Fiction and Drama
The Ellipse Maker
There was an asymmetry, but he couldn’t find it

For a while, after their father left, Jacob and his sister, Alice, walked to the Knowltons’ every day before and after school. The Knowltons, an older couple, lived three blocks away, in a house with a barn, a bird feeder, a grapevine on a trellis, a front lawn, a back lawn, a garden, and half a dozen apple and pear trees. In another house, one is a different person, but at first one doesn’t always know who.
Mrs. Knowlton wore her white hair in tight curls. Her mouth trembled; her voice warbled. Mr. Knowlton slurred his words, and his right arm, mostly brown with stains of purple, no longer functioned. During a stroke, his arm had wilted the way a leaf does after you bend the stem that connects it. Mrs. Knowlton had been told to put him in a nursing home, but she had brought him home from the hospital instead. It was with his left arm that he now offered to shake your hand, which was jarring.
The couple spoke with old New England accents. When Mrs. Knowlton asked Jacob and Alice if they knew the most beautiful word in the English language, she pronounced it selladoa, and they had to ask her what that was.
“Can I pour?” Alice asked, after school, when Mrs.

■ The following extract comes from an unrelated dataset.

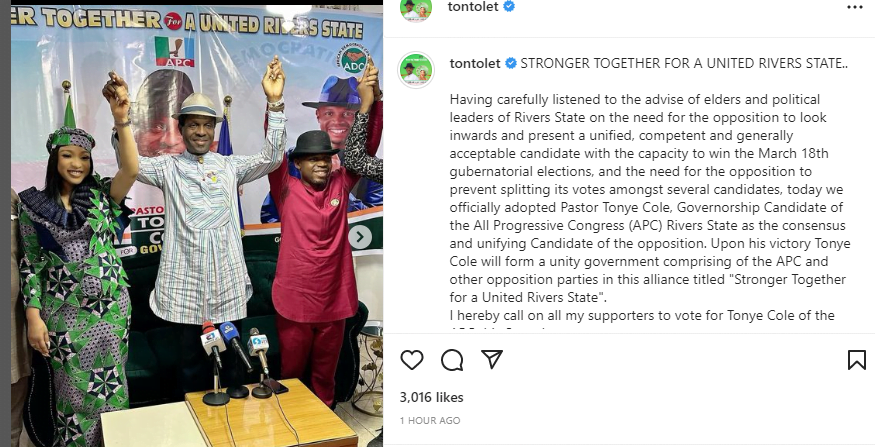 Fans react after Tonto Dikeh surrenders Governorship seat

Knowlton put the kettle on to boil. Mr. Knowlton had his lie-down in the afternoons, and they had Mrs. Knowlton to themselves then. “Claudine!” he would shout from upstairs, when he was ready to get up again. “Claudine!”
“Oh no, dear. You better let me,” Mrs. Knowlton said, intercepting Alice at the stove.
“I can do it,” Alice insisted, but she let Mrs. Knowlton be in charge.
With birdlike hands, Mrs. Knowlton pinched open a small white bag of store-bought cookies, nicer than what Jacob and Alice’s mother could afford. Mrs. Knowlton rustled the paper of the bag, as a sort of flourish, as she set it on the table.
“Can we have two cookies?” Jacob asked.
“Of course.”
A few minutes later, Alice asked, “Can we have three?”
“Well, I don’t know, can you?” Mrs. Knowlton replied.
They had to peer into the thick lenses of her glasses to make sure she wasn’t serious. She only ever had one cookie herself.